Cyber-thieves are sticking to email as their preferred way to trick victims into falling for scams, suggests a report.
The online crime groups were shunning mobiles and newer technologies in favour of phishing campaigns, said the report from Verizon.
The annual analysis catalogues more than 100,000 security incidents that hit thousands of companies in 2015.
Almost 90% of the incidents involved attempts to steal cash, it said.
The gangs were sticking to booby-trapped emails because they were proving increasingly effective, said Marc Spitler, lead author on the report.
And, so far, there was little evidence novel technologies involving net-connected gadgets or smartphones were becoming a popular attack route.
About 30% of phishing emails had been opened by people in targeted organisations in 2015, said the report, up from 23% in 2014.
And, of the scam emails opened, about 13% had been able to launch malware because staff had run the attachments they had carried.

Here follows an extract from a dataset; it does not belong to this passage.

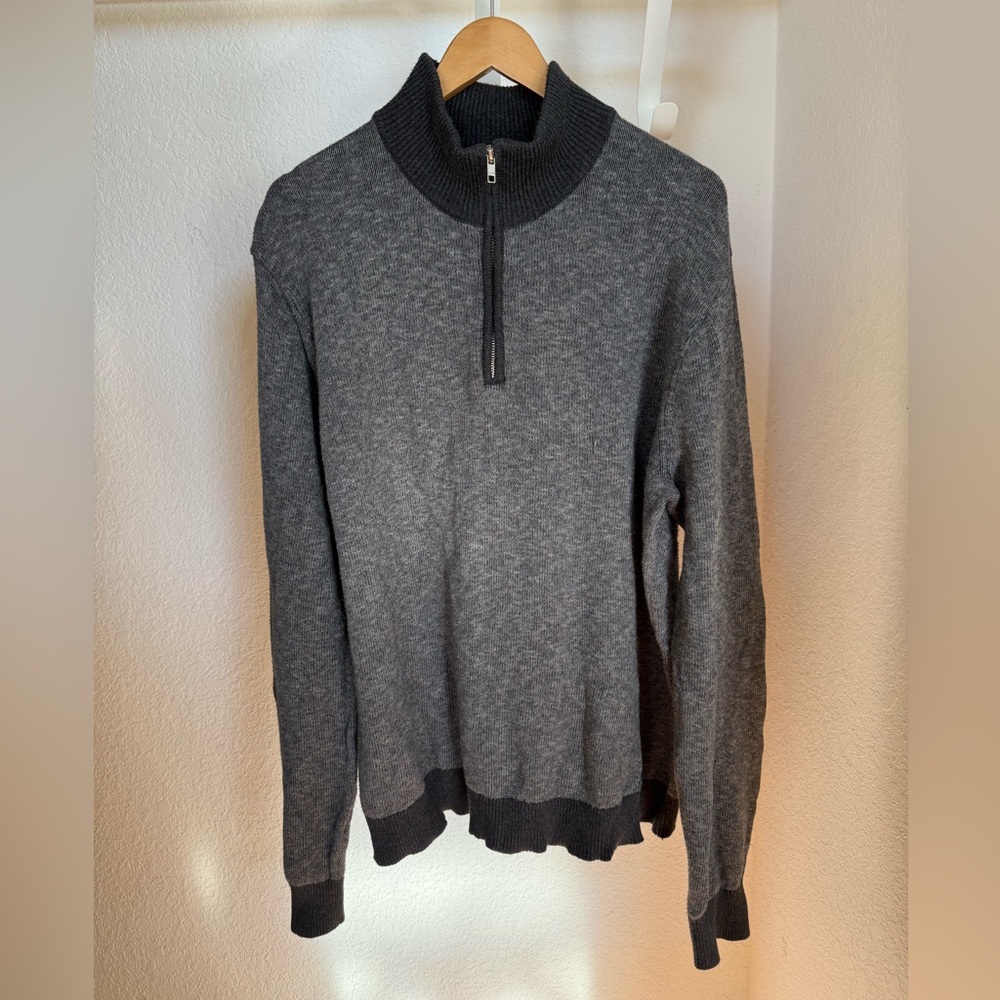 Goodfellow & Co Men’s Gravel Grey Two Toned 1/4 Zip Cotton Sweater - XL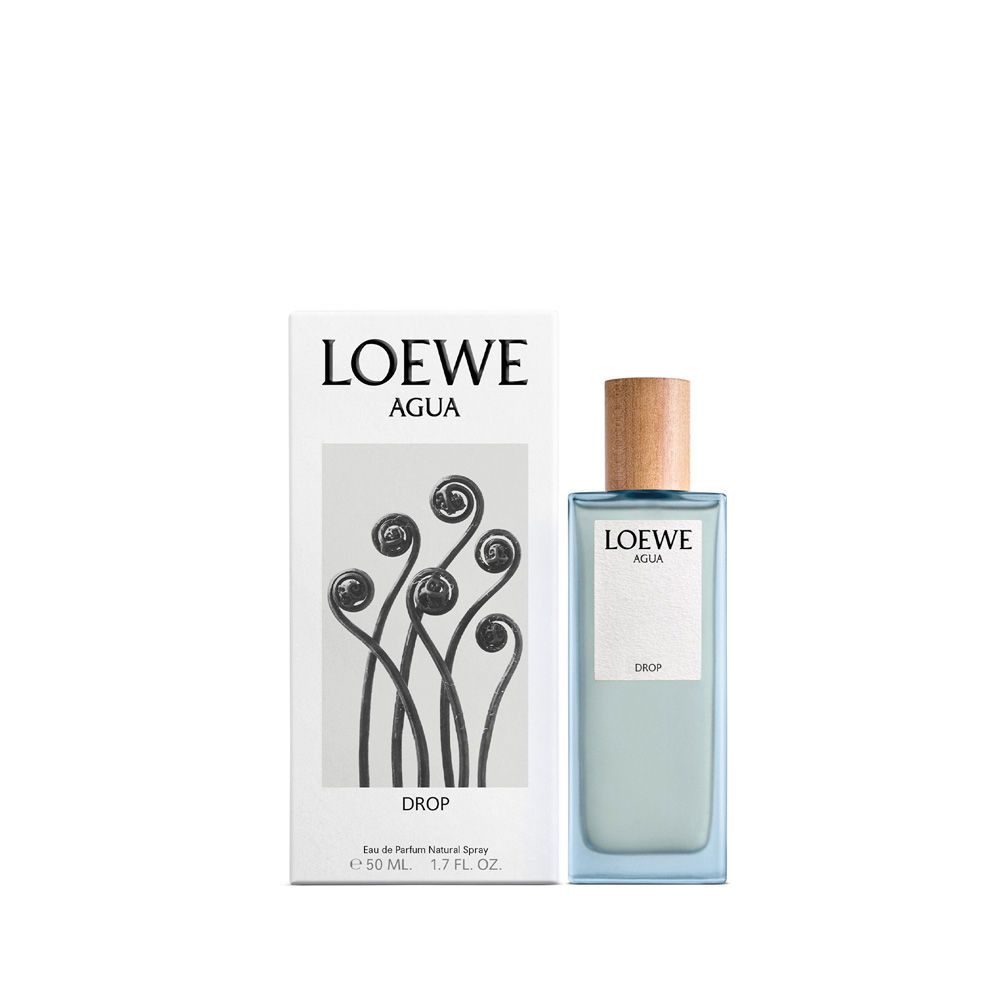 Flakon und Verpackung mit Logo und floralem Motiv. Aufschrift: LOEWE AGUA DROP. Eau de Parfum Natural Spray.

This meant, said Mr Spitler, it often took just minutes for criminals to compromise the network of a targeted company.
"If an attack works, then it works very quickly," he said.
"The phishing email typically leads to the installation of malware or the compromise of a user's PC by some sort of malicious code that can establish control or persistence on a network," said Mr Spitler.
Unfortunately, he added, although companies fell victim quickly, they could take far longer to notice they had been breached.
Statistics gathered for the Verizon report suggest 84% of the organisations questioned took weeks to spot that criminals had won access to internal systems.